120周年に文化センター建設=日伯文化連盟会長 中谷 アンセルモ

中谷 アンセルモ

中谷 アンセルモ

 あけましておめでとうございます
 すべてのブラジル人、日本人そして日系人の皆さまにとって、今年がより良き年でありますように祈念します。中国暦によれば今年の干支は未です。当地ではマイナスのイメージがあります。未から仔未を連想し、協調的な、従順な、お人よし、馬鹿正直な人となります。
 反抗心を扇動したくはありませんが、ブラジル人に日系人の性格の一つとして、上記のような「お人よし」と思われていることに怒りを感じてほしいのです。それだけではなく、あるときは告発し、公にし、文句をいい、認められている権利を意識してほしいのです。
 日系人のこのような態度はより倫理面の質を際立たせ、ブラジル社会の一部である日系人に与えられる価値の一つでもあります。市民権を活かすこと、それは本当の愛国心であり、成熟した民主主義のなかで、ブラジル建設に貢献したい気持ちを想起してほしいと思います。
 ブラジルに定住している日本人と我々日系人にとって2015年は特別な年です。私と当地の有識者は最近、訪伯する多数の日本政府高官を迎える機会が増えています。
 ブラジル経済への日本人投資家をより拡大していくこと、ブラジル人日本語学習を増やし日本文化学習交流をより強化すること、ブラジル人学生・専門職・旅行者の訪日を簡素化することを通して、私もブラジルと日本の関係をより緊密にしようとする機運が高まっていると思います。
 2015年は日伯外交樹立120周年に当たり、これらの計画は意義あることです。当連盟は約60年の歴史を持ち、その主要活動はブラジル人への日本語指導と文化の普及です。ブラジルにおける文化活動普及に、日本政府と協働できることは光栄なことです。この役割をさらに進展させるために、次のような計画を実行中です。

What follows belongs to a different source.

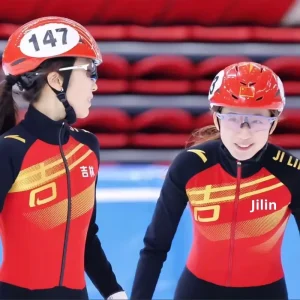 Adjustable Short Track Speed Skating Blades with PC+EPS Wheel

a)ピニェイロス地区に「アリアンサ文化センター」を建築中です。周辺には英国文化センター、トミエ・オオタケ美術館などがあり、文化レベルの高い地域です。完成は120周年記念行事の行われる2015年を予定。第一段階は当アリアンサ予算による工事開始。第二段階はすでに確定しているブラジル文化省による「ルアネー法」予算により工事継続。「ルアネー法」とはスポンサー、寄贈者、法人、企業がその年の税金を国内の文化施設やその活動(出版等)に対し使用すると税金の一部が免除されるというシステム。
b)国際交流基金をパートナー(文化提携)とし日本語指導に「まるごと方式」を取り入れること。

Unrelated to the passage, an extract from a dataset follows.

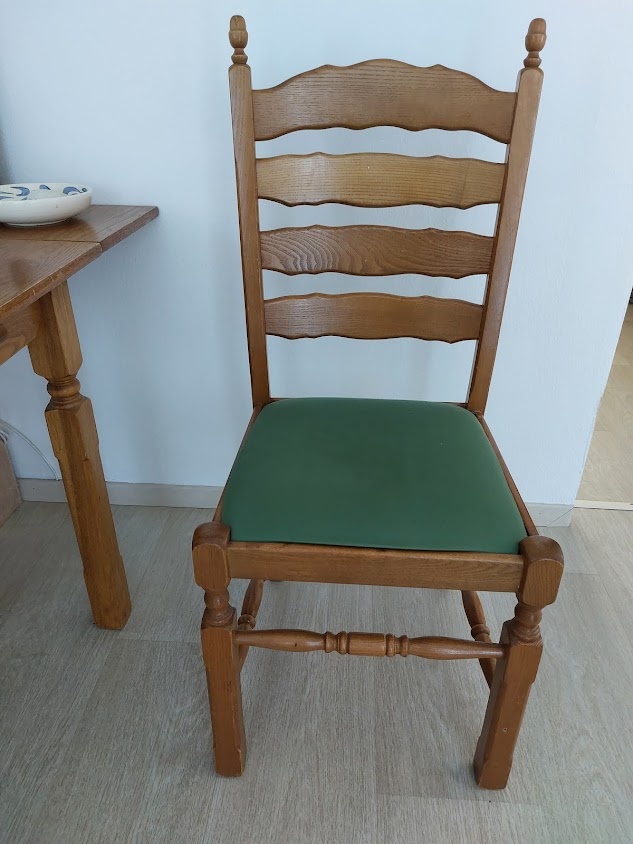 Stůl a 3 židle - 2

C)2015年8月開催の「和食展」に企業FRANCAL FEIRASのパートナーとして参加確定。ブラジル人の嗜好にあった健康食としての和食ブームを利用して、日本食レストラン開店を希望するブラジル全土の投資家が集結する。
 最後にブラジルで長年、働き続け、ご高齢になられたすべての日本人移民の皆さまが末永くお幸せでありますように、ブラジルでも高齢化社会を迎えております。残りの人生をお楽しみくださるようお祈り申しあげます。2015年もお健やかにおすごしください。